Dans le cadre de la procédure, trois tiers intéressés ont communiqué leurs observations. Ces observations ont été communiquées au Gouvernement espagnol par lettres du 13 novembre 1991 et du 24 janvier 1992.

III L'entreprise publique Mercorsa (Mercados en origen de productos agrarios) fut créée en 1972 par décret n° 3178-70 du 15 octobre 1970 du ministère de l'Agriculture. En 1987, elle a changé sa raison sociale et son nom pour devenir Merco.

Ses actionnaires entièrement publics sont la Direccion General del Patrimonio del Estado (ministère des Finances) avec une participation de 69,3 % du capital et le FORPA (organisme public dépendant du ministère de l'Agriculture) avec une participation de 30,7 %.

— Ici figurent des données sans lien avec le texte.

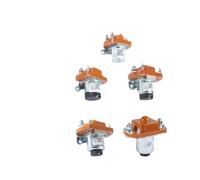 Contacteur CC ZJ50/100/200/400/600-D (1 NO) for automobiles et systèmes de contrôle, 50 A, 100 A, 200 A, 400 A, 12 V, 24 V, 72 V, contact normalement ouvert (1 pc)(ZJ200A,72 V)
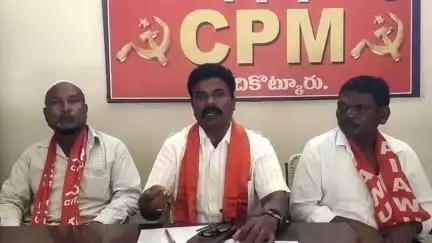 నందికొట్కూరు అన్నదాత సుఖీభవ 20000 రైతు ఖాతాలో ఒకేసారి జమ చేయాలి : సిపిఎం జిల్లా కార్యదర్శి వర్గ సభ్యులు నాగేశ్వరరావు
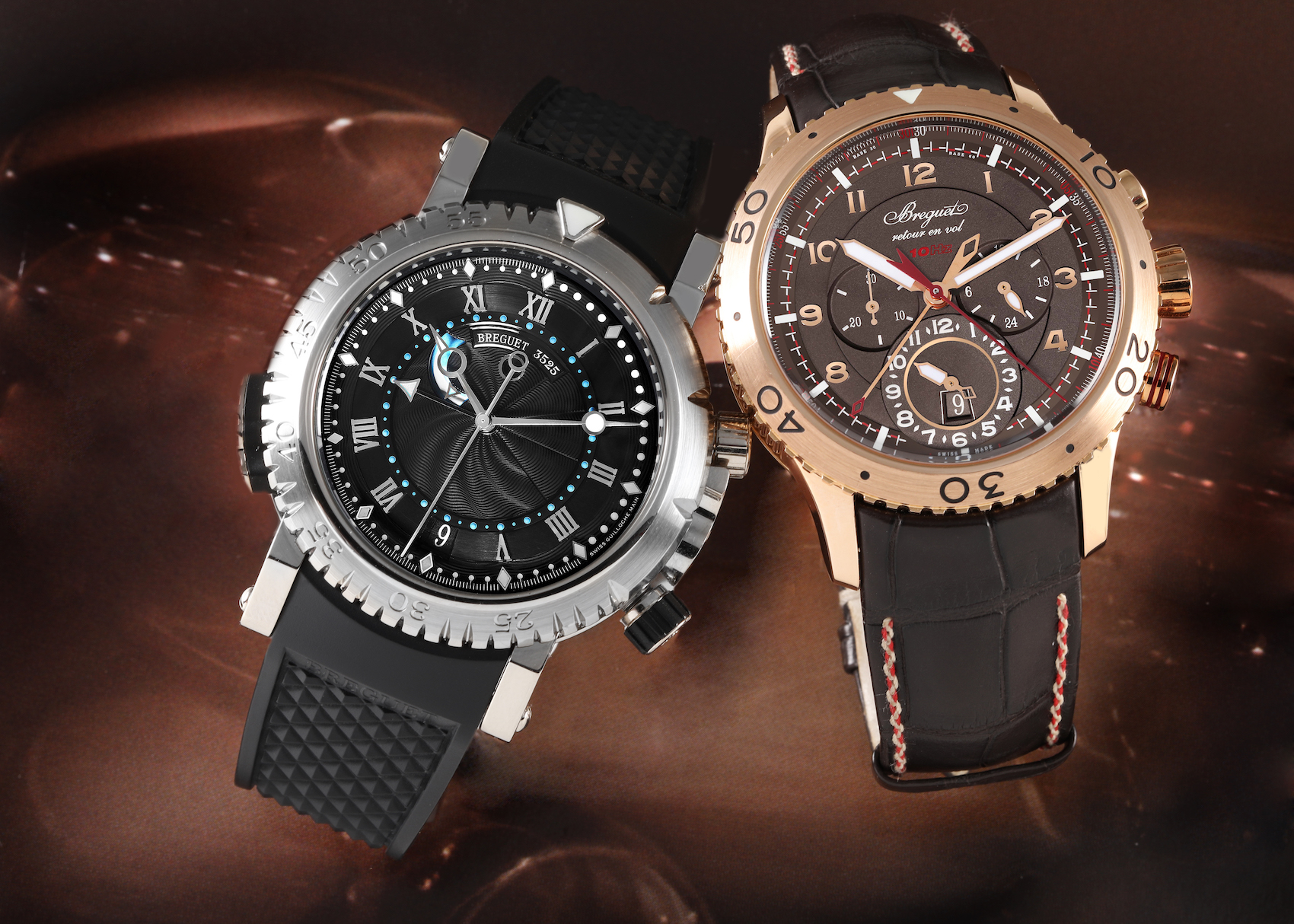 Breguet Sports Watches - Marine Royal and Type XX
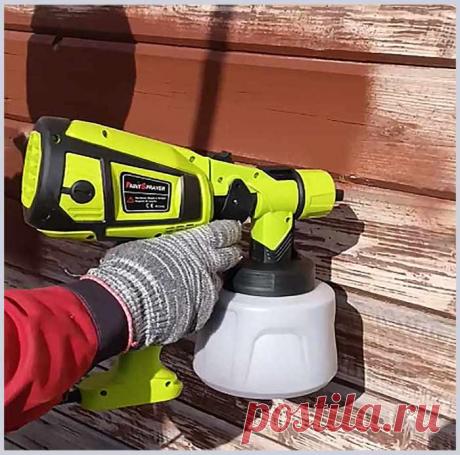 Как правильно работать краскопультом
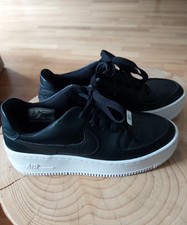 Nike AIR AF1 Sportschuh/Sneaker schwarz Größe 36***Top Zustand ***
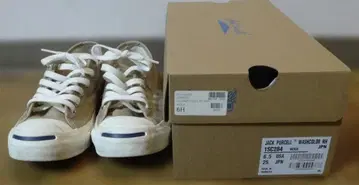 컨버스 잭 파셀 베이지 25cm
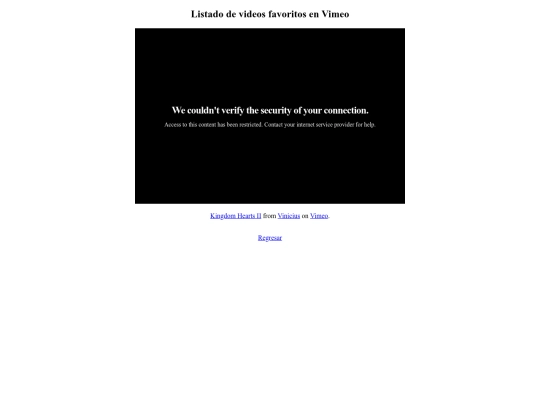 unidad2/vimeo screenshot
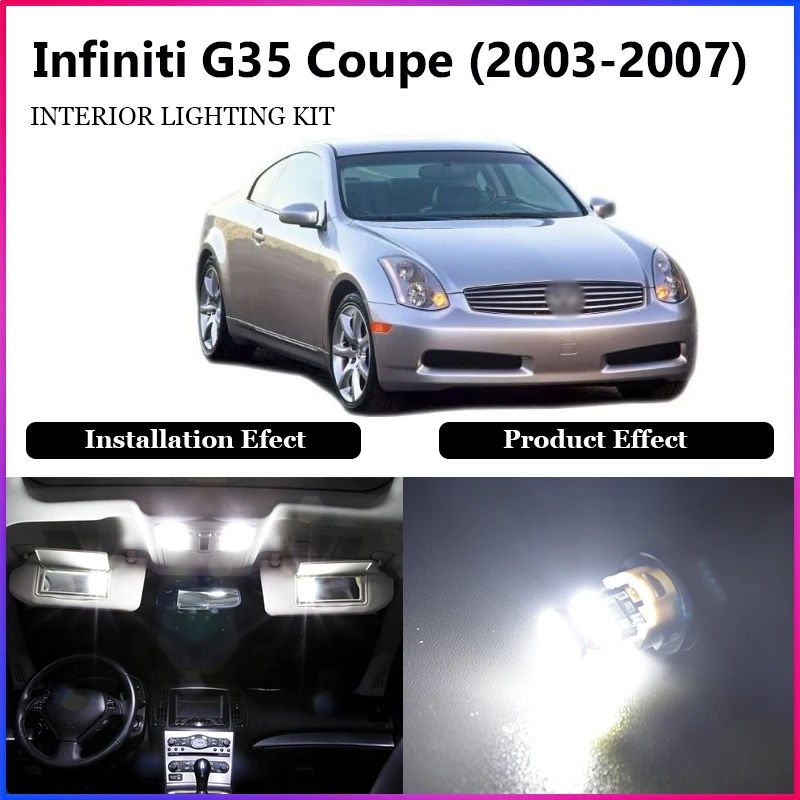 ShinMan 10x светодиодный автомобильный светильник Автомобильный внутренний комплект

L'activité de Merco est la commercialisation de produits agricoles. Elle a un capital de 8 782 millions de pesetas espagnoles et compte 900 salariés. Son activité se développe dans les 55 centres d'achat des produits agricoles installés sur le lieu de production, et qui les commercialisent en Espagne et à l'étranger.

Son chiffre d'affaires en 1990 a été d'environ 71 milliards de pesetas espagnoles, ce qui permet de classer cette entreprise comme une des plus importantes d'Espagne. Ce chiffre d'affaires se répartit parmi les différentes divisions de l'entreprise de la manière suivante:

EMPLACEMENT TABLEAU

Merco, sous le nom Uteco-Jaén et dans le secteur de la mise en bouteille de l'huile d'olive a été en 1990 la troisième entreprise d'Espagne avec 8,9 % des ventes totales en Espagne soit 29 798 773 litres; à cet égard, il faut signaler que, en 1986, elle n'était que douzième avec un pourcentage de 1,7 %.

Selon un rapport d'audit (de l'exercice 1990) effectué par Price Waterhouse en 1991, Merco a eu en 1990 un déficit de 8 727 millions de pesetas espagnoles, auquel il faut ajouter les déficits des exercices précédents d'un montant de 9 800 millions de pesetas espagnoles. Le montant global du déficit au 31 décembre 1990 était donc de 18 527 millions de pesetas espagnoles. Selon ce même rapport, Merco ne pourra continuer ses activités que si elle reçoit encore des apports de capitaux supplémentaires.

Conformément au rapport annuel de 1990 de l'entreprise, les résultats (exprimés en millions de pesetas espagnoles) des différentes divisions de l'entreprise sont les suivants:

EMPLACEMENT TABLEAU

Selon le rapport annuel susmentionné de l'entreprise Merco, elle avait au 31 décembre 1990, des dettes non commerciales pour un montant d'environ 33 000 millions de pesetas espagnoles: 30 milliards à court terme et 2 966 millions à long terme.

IV Dans le passé, Merco a reçu d'autres aides d'État d'un montant très important. Il faut rappeler que la Commission, par lettre du 27 décembre 1990, a informé les autorités espagnoles de la clôture de la procédure prévue à l'article 93 paragraphe 2 du traité CEE, ouverte à l'égard des aides octroyées aux entreprises Mercorsa (Merco), Olcesa et Uteco-Jaén/Merco-Jaén (aide C 28-90 ex NN 17-89), pour les raisons suivantes.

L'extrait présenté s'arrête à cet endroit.